# Oilfield Helping Hands Tournament - POC



## Tigerfan (Jun 20, 2010)

This years OHH tournament is Friday, August 9th in POC. This is an open tournament, you do not have to work in the oilfield to enter. Registration is available online or register at the POC Community Center on August 8. There is even a guides division. We will be giving away a boat, motor and trailer rig to some lucky fisherman. Kids are welcome and encouraged to participate.
Full details are available at: http://www.oilfieldhelpinghands.org/chapters/texas/saltwater-fishing/


----------



## Trouthunter (Dec 18, 1998)

What kind of boat motor and trailer?

TH


----------



## Tigerfan (Jun 20, 2010)

Last I heard it was a Mako starter kit worth about 15k.


----------



## mmcclure9 (Dec 19, 2011)

See yall there!


----------



## Tigerfan (Jun 20, 2010)

We still have room for more. Lots of great door prizes, food, live and silent auction, side pot. Great benefit tournament.


----------



## Tigerfan (Jun 20, 2010)

We still got some spots open, come on down! The more the merrier.


----------



## Soggy Bottom (Jun 4, 2009)

Does the stringer side pot pay more than one winner? Also how many boats normally fish it. Thanks


----------



## chandler (Jun 29, 2006)

Is the cash payout for the trout and redfish?


----------



## Tigerfan (Jun 20, 2010)

The stringer side pot is much larger payout. We will probably have 80 to 90 boats


----------



## Tigerfan (Jun 20, 2010)

Side pot pay 2 places 60/40 all money paid out. 
Only can win one fish category , what ever pays the most money. Side pot is totally separate.


----------



## Tigerfan (Jun 20, 2010)

My error, 80/20 side pot , 20 to ohh


----------



## mmcclure9 (Dec 19, 2011)

I will be in POC starting tomorrow afternoon through Friday after the tournament if anyone wants to have some cold ones.


----------



## Soggy Bottom (Jun 4, 2009)

I had a few more questions that I didn't see on the website.

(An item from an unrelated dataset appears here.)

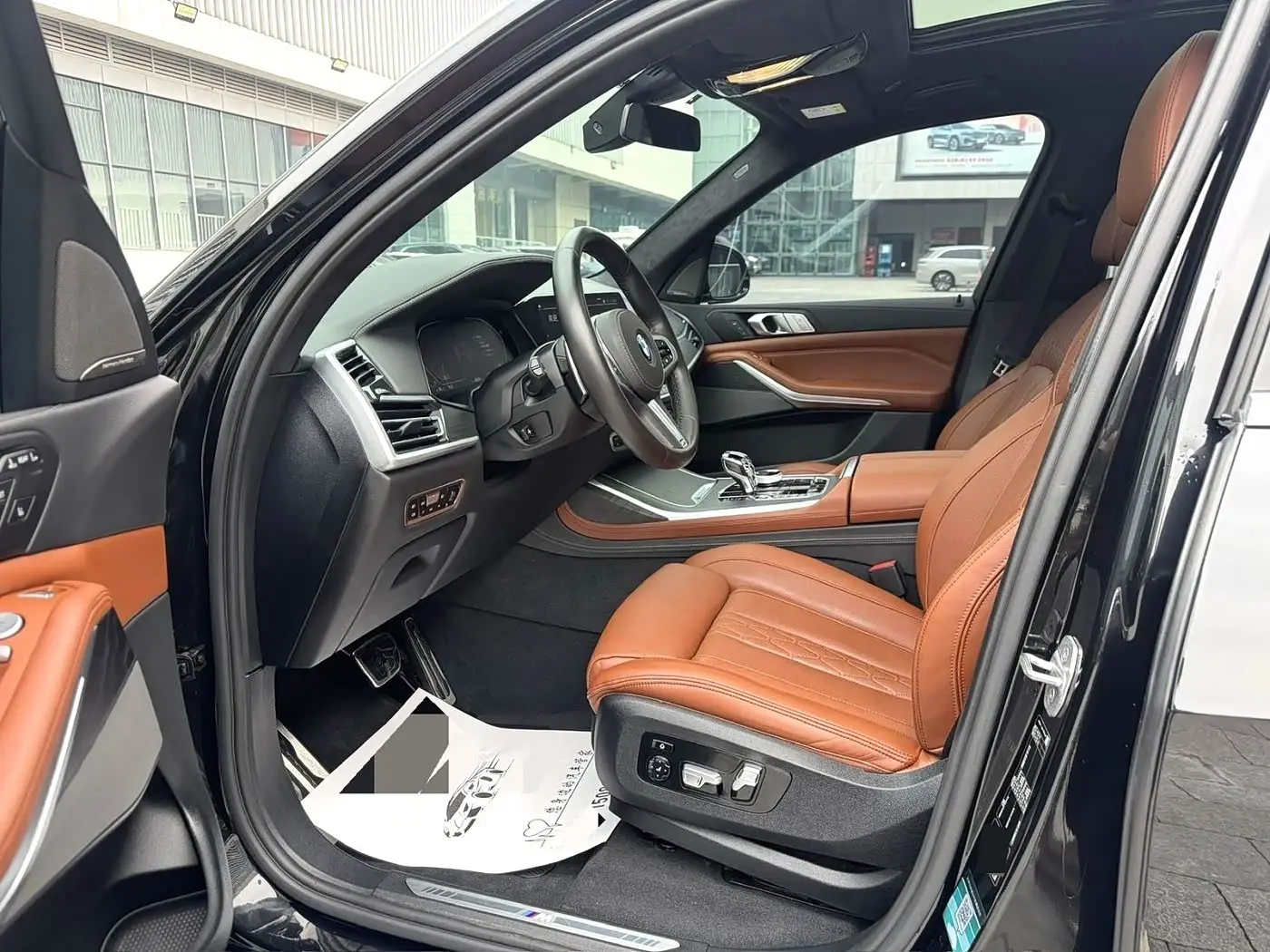 BMW X7 2020 — Фото 4/10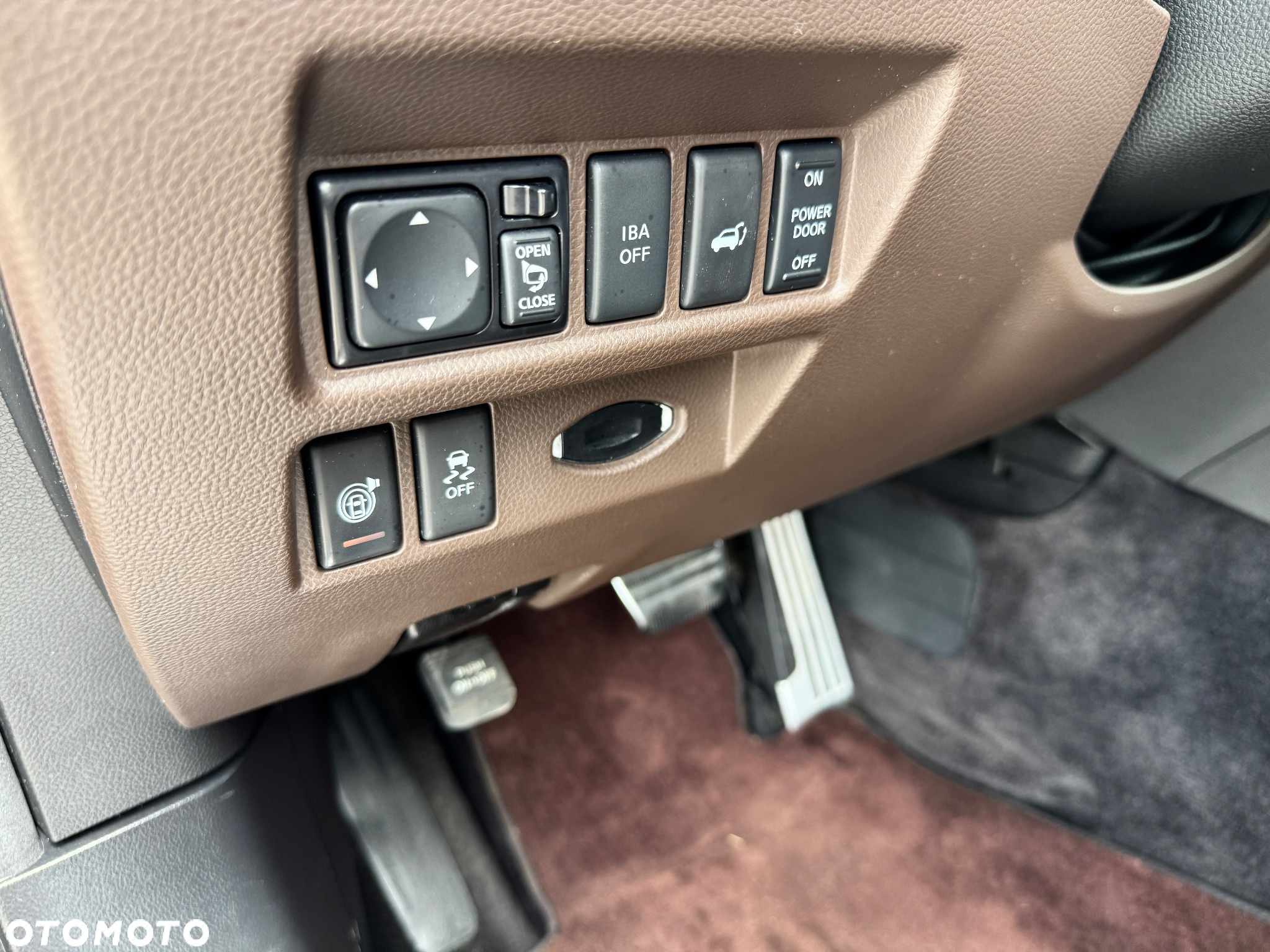 Infiniti FX FX30d S Premium - 23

Is there any boundaries and is there a 25" rule on trout like some API's? Will the winners be polygraphed? Also the stringer will only pay one winner is that correct? Can you enter the same fish on the stringer and use them for your big fish in the tournament also. Thanks for info.


----------



## Tigerfan (Jun 20, 2010)

No boundaries, same fish for stringer as big fish, side pot I winner,


----------



## Tigerfan (Jun 20, 2010)

No 25" rule, state rules only, no polygraph .... Cheaters have to live with their choices.


----------